Monday, April 18, 2011

18 APR 11: It's In the Bags

They were scraping Sunday, and I was scraping with them. Except they were doing it inside stock cars at Talladega, while traveling more than 180 miles per hour. I was doing it to metal shelving in the kitchen at a speed of.... well, at least I was sitting down like a NASCAR driver.

Victory came Sunday afternoon in my annual Serious Spring Cleaning - the event that reaches practically every square inch of my home, and ends with a final trash bag being deposited in a mystery location. This year I only had to make a short walk with that bag. If you want to search beyond that, you'll need your own fingerprint duster.

The five-week-plus cleaning marathon always begins in the bathroom - and it really should resume there, after I catch my breath. A big wasp apparently decided to check how clean my window was. Instead, the wasp found it's quite opaque - and it really can open and close to crush insects.

The bedroom is where I decided this was the year to do some major moving. The waterbed stayed where it was, since there's only two or three feet of room on either side for adjusting it. But one big side item was removed - an item used for years to hang clothing.
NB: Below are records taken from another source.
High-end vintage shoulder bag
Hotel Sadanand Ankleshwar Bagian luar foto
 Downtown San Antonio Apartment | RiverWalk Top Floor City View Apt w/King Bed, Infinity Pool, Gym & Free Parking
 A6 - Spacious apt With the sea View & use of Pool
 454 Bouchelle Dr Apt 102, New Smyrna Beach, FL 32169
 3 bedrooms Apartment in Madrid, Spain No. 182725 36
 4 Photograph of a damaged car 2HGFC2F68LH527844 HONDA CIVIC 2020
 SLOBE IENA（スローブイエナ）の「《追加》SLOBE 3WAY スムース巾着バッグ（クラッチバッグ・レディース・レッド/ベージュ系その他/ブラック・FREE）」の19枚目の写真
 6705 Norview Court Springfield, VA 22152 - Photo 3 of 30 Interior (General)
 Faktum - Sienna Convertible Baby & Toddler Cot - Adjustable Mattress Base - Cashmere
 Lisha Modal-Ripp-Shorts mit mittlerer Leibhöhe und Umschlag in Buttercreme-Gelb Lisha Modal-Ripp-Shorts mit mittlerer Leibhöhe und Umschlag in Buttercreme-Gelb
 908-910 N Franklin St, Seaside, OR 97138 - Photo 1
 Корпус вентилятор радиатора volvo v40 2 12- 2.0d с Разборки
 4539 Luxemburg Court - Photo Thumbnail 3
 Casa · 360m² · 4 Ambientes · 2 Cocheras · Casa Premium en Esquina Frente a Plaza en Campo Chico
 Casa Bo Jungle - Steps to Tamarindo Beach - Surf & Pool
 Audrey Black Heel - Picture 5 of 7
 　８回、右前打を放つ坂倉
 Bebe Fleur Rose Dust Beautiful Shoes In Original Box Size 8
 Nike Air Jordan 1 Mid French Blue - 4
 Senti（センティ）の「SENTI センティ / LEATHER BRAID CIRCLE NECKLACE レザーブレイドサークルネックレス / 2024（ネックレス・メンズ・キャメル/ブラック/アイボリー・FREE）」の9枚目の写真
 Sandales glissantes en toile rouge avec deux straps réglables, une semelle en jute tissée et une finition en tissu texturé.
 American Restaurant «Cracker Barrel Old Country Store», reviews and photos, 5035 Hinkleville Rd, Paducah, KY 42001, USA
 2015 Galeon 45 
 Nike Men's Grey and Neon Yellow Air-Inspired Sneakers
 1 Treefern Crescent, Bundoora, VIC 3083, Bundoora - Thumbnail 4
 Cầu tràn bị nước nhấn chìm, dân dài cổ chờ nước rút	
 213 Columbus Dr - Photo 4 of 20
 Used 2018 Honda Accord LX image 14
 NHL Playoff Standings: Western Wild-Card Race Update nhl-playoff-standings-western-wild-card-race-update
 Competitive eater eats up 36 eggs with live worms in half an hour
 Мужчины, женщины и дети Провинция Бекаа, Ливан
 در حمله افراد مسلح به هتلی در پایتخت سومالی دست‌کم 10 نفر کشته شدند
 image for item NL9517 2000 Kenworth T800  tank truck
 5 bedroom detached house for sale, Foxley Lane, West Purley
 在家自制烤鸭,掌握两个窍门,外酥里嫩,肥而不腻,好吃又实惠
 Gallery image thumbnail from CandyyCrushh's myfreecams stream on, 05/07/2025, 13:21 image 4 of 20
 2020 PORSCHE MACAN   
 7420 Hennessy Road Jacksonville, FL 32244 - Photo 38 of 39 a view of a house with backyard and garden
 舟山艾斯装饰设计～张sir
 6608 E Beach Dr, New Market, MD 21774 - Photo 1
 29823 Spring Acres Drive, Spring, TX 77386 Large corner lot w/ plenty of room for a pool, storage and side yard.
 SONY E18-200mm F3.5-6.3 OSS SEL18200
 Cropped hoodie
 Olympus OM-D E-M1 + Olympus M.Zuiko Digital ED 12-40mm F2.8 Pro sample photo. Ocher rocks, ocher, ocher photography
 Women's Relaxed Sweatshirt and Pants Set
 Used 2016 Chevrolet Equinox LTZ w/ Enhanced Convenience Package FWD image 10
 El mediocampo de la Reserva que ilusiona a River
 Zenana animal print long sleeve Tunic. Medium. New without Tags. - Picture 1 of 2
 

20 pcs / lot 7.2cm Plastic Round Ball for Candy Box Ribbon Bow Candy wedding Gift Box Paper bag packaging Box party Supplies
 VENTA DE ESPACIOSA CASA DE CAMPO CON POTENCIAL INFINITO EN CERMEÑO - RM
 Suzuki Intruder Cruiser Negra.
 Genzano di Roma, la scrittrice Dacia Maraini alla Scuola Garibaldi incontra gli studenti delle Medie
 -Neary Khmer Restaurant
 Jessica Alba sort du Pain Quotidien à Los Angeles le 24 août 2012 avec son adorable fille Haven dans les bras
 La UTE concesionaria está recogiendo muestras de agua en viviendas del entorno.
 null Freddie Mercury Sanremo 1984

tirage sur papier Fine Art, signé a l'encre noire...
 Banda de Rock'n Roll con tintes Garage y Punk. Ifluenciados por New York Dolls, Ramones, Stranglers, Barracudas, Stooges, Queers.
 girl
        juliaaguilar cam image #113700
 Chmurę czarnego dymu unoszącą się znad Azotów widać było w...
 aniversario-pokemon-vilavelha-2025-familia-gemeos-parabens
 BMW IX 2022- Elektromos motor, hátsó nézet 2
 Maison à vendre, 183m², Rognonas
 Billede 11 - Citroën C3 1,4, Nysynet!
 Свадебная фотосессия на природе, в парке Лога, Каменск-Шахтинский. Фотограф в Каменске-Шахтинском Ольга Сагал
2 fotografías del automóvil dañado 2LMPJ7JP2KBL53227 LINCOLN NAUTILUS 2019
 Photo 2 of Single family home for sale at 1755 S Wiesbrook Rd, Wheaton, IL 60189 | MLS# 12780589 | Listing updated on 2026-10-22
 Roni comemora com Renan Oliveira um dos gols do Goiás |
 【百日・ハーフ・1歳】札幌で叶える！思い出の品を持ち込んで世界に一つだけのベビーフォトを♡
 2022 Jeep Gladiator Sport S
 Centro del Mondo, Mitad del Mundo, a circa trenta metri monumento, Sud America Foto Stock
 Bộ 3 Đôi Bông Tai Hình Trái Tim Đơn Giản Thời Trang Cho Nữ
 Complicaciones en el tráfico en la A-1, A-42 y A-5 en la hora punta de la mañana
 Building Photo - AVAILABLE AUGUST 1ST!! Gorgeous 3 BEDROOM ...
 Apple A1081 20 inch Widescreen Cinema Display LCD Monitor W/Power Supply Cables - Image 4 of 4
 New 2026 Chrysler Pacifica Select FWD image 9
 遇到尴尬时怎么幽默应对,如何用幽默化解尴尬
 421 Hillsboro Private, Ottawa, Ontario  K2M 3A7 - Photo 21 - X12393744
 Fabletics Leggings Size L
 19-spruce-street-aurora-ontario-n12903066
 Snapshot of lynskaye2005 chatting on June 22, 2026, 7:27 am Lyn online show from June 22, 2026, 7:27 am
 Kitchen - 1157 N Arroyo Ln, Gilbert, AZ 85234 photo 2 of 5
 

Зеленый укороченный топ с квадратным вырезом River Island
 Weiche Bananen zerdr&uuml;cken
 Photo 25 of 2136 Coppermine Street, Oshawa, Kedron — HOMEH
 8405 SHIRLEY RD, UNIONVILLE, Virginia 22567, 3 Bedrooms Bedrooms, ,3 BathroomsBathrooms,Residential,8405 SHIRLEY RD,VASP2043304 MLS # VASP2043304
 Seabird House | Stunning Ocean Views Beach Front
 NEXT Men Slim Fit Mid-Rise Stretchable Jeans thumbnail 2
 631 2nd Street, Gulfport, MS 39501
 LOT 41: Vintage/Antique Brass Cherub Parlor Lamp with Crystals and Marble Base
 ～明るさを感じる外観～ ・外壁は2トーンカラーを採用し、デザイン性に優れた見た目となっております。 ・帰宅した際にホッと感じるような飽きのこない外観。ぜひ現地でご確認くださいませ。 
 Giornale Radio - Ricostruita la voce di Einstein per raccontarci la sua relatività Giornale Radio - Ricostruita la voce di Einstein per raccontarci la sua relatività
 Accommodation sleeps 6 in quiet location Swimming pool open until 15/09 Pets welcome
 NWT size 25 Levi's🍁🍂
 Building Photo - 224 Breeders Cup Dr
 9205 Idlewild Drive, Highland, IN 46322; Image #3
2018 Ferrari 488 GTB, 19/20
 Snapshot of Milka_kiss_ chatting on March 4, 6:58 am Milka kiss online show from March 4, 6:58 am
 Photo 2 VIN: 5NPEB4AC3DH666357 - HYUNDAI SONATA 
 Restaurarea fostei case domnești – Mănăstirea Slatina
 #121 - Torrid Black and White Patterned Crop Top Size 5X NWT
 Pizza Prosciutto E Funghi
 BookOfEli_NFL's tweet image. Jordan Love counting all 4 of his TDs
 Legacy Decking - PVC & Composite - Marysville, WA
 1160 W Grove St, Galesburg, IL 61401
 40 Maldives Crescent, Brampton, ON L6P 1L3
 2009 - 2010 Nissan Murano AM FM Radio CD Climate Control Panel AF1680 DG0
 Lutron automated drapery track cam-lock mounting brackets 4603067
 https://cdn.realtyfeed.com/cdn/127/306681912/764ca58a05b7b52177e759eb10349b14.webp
That's simply not what an electric typewriter was built to do....

I inherited a Smith-Corona electric typewriter with insertible ribbon cartridges sometime during the 1990s. It was helpful for me for a few years, but then remained in its case as the computer era came. When the correction cartridge starts shedding, you know spring is in the air.

So this year, the typewriter went to the kitchen - and this past week was donated with other items to Valley Rescue Mission. My old non-electric Royal typewriter remains in the bedroom. If all else fails, I can use that for writing - and then I guess I'd post blog entries on a bulletin board at the Government Center or something.

The computer room/business office/mancave has become the most challenging room for cleaning. All sorts of papers and collectibles are kept there - such as the program from January 2007 reminding me Jim Wetherington had an "inauguration" as Columbus Mayor. Teresa Pike Tomlinson had a "swearing-in," but she did have one more name.

The biggest change this year in the computer room/business office/mancave was forced on me by a power outage. My old Radio Shack answering machine decided to blink continuously, and not take any more messages. The mini-cassettes I bought weeks earlier to tape messages suddenly had no use - since they simply won't fit in my living room boombox radio.

A trip to Kmart on a Monday morning allowed me to buy a new cordless phone-digital answering machine combo. This upgraded my level of personal communications to approximately 1998.

The days I gained by quickly cleaning the bathroom were lost in the computer room - but thankfully the living room cleaning went relatively quickly. But critics probably would say I cheated, because I never opened the doors of a floor-level record cabinet filled with LP's and old magazines. If I never opened them for a year, cobwebs can't possibly form - right?

A dual cassette deck which used to be in the living room was moved out this spring. It stopped working properly a couple of years ago, as if it knew I'd brought a portable mp3 player into the house.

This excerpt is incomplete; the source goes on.